It is hard to think of an American movie before the 1960s that concerned itself with food. There are, of course, plenty of scenes over dinner in classic Hollywood films and a few moments of food business (James Cagney’s shoving a grapefruit in Mae Clarke’s face in The Public Enemy comes to mind). But we rarely if ever see what characters are eating, and cooking as a process is mostly banished from view. I can think of only one film from the 1940s in which food has a thematic role: the delightful Christmas in Connecticut (1945), in which Barbara Stanwyck plays a food writer, an assumed exemplar of domesticity, whose publisher decides she should make Christmas dinner for a newly returned war hero. The problem is that she can’t; her professional persona is a fraud, and she is really a single career girl who doesn’t know how to boil water. The film ends, predictably, with the promise that she will marry the hero and learn how to cook out of sight of public — and cinematic — view.

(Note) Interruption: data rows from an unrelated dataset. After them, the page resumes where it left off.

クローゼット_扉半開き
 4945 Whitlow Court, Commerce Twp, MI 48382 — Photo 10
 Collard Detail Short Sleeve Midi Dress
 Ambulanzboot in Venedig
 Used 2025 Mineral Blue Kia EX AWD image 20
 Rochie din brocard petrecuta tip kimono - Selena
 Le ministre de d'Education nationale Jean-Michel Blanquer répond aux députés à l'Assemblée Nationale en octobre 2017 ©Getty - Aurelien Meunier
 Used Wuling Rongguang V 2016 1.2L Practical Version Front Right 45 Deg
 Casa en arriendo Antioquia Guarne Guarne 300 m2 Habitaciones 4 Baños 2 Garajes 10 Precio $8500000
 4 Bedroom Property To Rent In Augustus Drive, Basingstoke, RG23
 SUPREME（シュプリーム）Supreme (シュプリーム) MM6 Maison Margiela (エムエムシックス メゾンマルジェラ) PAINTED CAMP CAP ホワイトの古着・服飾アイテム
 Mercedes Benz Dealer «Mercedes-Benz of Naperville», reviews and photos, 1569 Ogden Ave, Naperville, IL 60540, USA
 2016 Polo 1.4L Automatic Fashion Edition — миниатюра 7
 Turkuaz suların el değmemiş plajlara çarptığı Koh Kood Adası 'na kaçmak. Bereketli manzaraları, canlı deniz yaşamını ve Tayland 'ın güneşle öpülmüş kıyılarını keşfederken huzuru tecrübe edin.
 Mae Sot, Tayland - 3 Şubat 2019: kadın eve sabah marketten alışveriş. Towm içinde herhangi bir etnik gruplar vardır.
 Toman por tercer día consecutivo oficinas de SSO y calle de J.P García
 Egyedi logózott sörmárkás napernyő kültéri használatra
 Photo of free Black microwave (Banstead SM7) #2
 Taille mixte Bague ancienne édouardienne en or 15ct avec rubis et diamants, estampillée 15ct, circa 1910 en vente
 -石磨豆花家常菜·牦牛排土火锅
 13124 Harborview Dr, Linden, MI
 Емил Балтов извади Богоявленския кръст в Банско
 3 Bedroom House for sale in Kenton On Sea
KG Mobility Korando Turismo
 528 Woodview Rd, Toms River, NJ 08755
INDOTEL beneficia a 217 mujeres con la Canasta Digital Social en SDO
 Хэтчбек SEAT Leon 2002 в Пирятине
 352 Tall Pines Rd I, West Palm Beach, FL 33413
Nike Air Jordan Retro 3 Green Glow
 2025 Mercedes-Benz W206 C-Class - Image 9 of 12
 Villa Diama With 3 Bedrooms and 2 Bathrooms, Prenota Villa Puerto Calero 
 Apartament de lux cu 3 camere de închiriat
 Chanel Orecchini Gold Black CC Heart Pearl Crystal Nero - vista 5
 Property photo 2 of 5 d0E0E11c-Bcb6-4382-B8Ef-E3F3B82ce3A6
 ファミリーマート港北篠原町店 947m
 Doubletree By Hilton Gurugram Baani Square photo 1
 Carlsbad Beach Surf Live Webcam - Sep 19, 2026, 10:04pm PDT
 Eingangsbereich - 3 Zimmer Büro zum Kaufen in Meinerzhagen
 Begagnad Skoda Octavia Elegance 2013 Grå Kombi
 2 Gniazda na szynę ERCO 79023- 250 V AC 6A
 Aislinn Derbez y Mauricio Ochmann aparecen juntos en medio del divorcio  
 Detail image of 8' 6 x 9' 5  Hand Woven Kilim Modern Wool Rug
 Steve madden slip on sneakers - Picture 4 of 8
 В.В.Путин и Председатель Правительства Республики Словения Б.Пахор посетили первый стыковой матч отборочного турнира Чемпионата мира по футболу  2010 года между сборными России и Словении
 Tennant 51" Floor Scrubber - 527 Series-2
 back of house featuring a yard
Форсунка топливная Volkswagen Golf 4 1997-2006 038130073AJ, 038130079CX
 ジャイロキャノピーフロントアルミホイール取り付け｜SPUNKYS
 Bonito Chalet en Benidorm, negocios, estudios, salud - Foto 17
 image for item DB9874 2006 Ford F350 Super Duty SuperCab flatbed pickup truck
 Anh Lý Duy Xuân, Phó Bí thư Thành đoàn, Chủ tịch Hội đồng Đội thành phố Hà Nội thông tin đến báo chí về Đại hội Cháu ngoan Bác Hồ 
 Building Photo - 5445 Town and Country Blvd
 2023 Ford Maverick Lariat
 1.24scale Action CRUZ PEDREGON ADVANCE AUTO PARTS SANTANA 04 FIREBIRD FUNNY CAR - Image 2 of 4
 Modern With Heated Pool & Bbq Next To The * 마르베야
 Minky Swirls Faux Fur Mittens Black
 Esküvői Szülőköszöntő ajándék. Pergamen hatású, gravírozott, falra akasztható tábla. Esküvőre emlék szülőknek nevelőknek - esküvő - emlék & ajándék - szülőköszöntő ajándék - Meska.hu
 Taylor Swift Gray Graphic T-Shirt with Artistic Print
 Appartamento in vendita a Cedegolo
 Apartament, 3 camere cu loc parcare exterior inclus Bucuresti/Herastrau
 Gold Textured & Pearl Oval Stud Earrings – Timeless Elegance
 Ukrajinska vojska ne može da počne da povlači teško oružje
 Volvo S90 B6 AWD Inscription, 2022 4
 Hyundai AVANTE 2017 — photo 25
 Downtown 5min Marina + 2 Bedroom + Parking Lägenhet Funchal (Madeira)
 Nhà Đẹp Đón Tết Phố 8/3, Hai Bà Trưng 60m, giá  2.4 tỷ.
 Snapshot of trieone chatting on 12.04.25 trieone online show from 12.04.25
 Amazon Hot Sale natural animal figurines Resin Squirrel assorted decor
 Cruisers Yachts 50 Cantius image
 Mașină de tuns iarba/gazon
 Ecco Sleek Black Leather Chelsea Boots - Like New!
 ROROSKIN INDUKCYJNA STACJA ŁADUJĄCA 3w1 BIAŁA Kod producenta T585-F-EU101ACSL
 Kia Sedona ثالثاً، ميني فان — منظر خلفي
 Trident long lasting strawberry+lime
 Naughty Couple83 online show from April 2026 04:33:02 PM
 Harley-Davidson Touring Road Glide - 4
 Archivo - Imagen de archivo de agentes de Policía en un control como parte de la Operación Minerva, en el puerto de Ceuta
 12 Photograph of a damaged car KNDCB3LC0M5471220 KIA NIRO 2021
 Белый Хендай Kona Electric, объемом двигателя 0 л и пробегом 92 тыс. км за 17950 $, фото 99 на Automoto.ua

Not until the 1960s did food begin to be directly represented in movies. Julia Child’s televised approach to cooking seems to have augured the change. The sight of the ungainly Child clomping around the kitchen, mopping her brow with a dish towel, and missing the pan in flipping a pancake (a scene recreated in Julie & Julia) was a departure from the image of prescribed routine and feminine propriety associated with the fictional Betty Crocker and the airbrushed Donna Reed. Child was the forerunner of a more unfettered, even transgressive, representation of food that would appear in films of the 1960s and ’70s: the lascivious eating scene in Tom Jones (1963); the deconstruction of a sandwich by Jack Nicholson in Five Easy Pieces (1970); the grotesque gourmet meals, meant to mirror the grotesque crimes, in Frenzy (1972); the food fight in Animal House (1978). In The Godfather (1972), Clemenza makes spaghetti sauce between killing people, and delivers what must be one of the most cited lines in movie history (at least over dessert in Italian restaurants): “Leave the gun, take the cannoli.” (Two films during this period were also noteworthy in linking food to outrageous and macabre plot lines: the 1973 French-Italian social satire La grande bouffe and 1978’s farcical Who Is Killing the Great Chefs of Europe?)

Food and sex, food and social rebellion, food and violence — they were now being yoked together, providing new imagistic and thematic possibilities for cinematic expression. By the 1980s and ’90s, we see food threading its way through American films like My Dinner with Andre, Heartburn, Moonstruck, Mystic Pizza, When Harry Met Sally, The Freshman, Goodfellas, Fried Green Tomatoes, The Joy Luck Club, and Soul Food. In several of these films, cooking is more than a background motif; it is an activity that helps define character and anchor plot.

Julia Child’s introduction of French cooking to the  American public also coincided — and arguably assisted — in the opening of America to foreign film. At the same time she was whipping up a sole meunière on The French Chef, American students were taking field trips to see the latest foreign import at Manhattan’s Paris Theater. It seems fitting, therefore, that a major turning point in the representation of food on film came from abroad, the 1987 Danish film Babette’s Feast (Babettes gaestebud). (The 1985 Japanese Tampopo, about the culinary education of a widowed noodle-maker, did not gain the same traction, possibly because Japanese food had not yet become widely popular in America.)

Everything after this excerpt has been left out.